The issue presented by the defendant United States’ motion therefore reduces itself, in the court’s opinion, to whether the plaintiff bank’s lien against the Ford pickup truck to secure Taft & Associates’ earlier borrowing (the installment sale contract), granted by the dragnet clause used in the second financing transaction, was supported by consideration once Taft & Associates’ note, the one by which it borrowed the funds with which to acquire the Ford pickup truck, was paid. The answer to this, under the language in the footnote to the Senate report which was carried over into the pertinent Treasury regulation, is that money parted with previously satisfies the statute if, under local law, past consideration is sufficient to support the security agreement.
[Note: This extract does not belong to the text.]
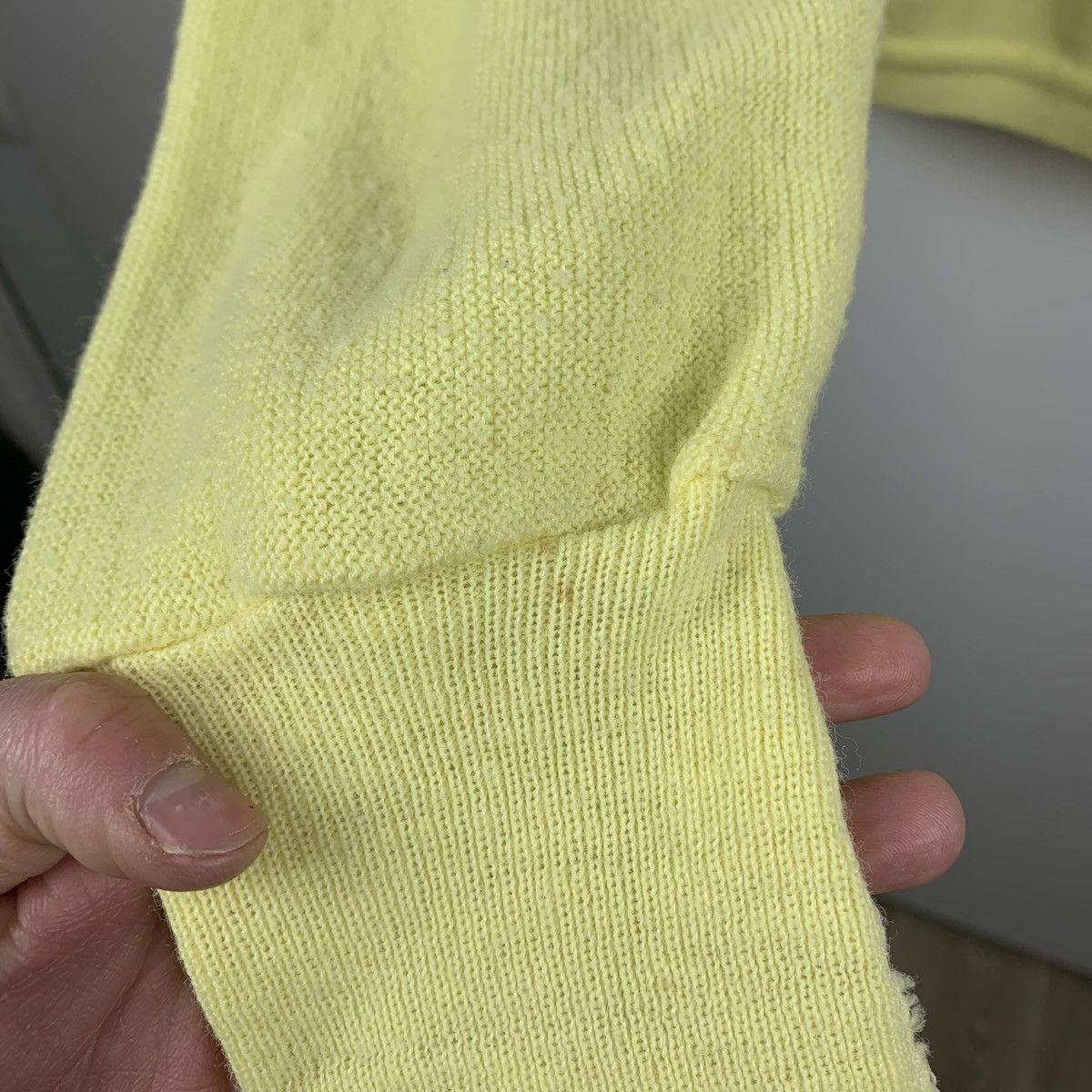 Lacoste Vintage Izod Lacoste Orlon Acrylic Sweater Size M Yellow Top Size US M / EU 48-50 / 2 - 19 Thumbnail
Past consideration is plainly sufficient to support a security agreement under Tennessee law, which has adopted a version of the Uniform Commercial Code. A security interest attaches, in the absence of an agreement to delay attachment, as soon as there is a security agreement (or pledge), value has been given, and the debt- or has rights in the collateral. Tennessee Code Annotated § 47-9-203 (1991 supp.).3 A person gives value for rights if he or she acquires them “as security for ... a preexisting claim.” T.C.A. § 47-l-201(44)(b) (1991 supp.). Tennessee has recognized the validity of “present or future debts” or cross-collateralization clauses in real estate financing transactions since before its adoption of the Uniform Commercial Code. See Johnson v. Midland Bank and Trust *192Company, 715 S.W.2d 607 (Tenn.App.), permission to appeal denied, id. (Tenn. 1986), and authorities cited therein.
Even if choateness remains an issue in this case, on the date of the filing of the tax lien against the property of Taft & Associates, after the payment in full of this debtor’s note for the purchase money used to purchase the Ford pickup truck, the amount which was still secured by the truck was fixed: the total balance due on the earlier obligation, the assigned installment sale contract. The plaintiff bank had not at the time of the filing of the tax lien sold the repossessed Dodge van, and therefore remained free to elect to proceed against the Ford pickup truck.
For the reasons stated, the court will deny the United States’ motion to dismiss this civil action.
. The plaintiff has filed an exception [doc. 21] to the pretrial order to show that the notice of tax lien was filed in the appropriate register’s office on July 22, 1991. This does not affect the outcome in this case.
. Neither party has submitted any authority on the issue of the effect, if any, on the bank's cause of action of the fact that the bank stamped the August 15, 1988 security agreement "paid” on August 5, 1991. The court therefore assumes that this issue is reserved for trial, presently scheduled on September 25, 1992.
. There is no contest in this case concerning the plaintiff bank’s perfection (assuming attachment) of its security interests in Taft & Associates’ motor vehicles by compliance with the Tennessee statutes which deal specifically with the notation of liens on motor vehicle title certificates.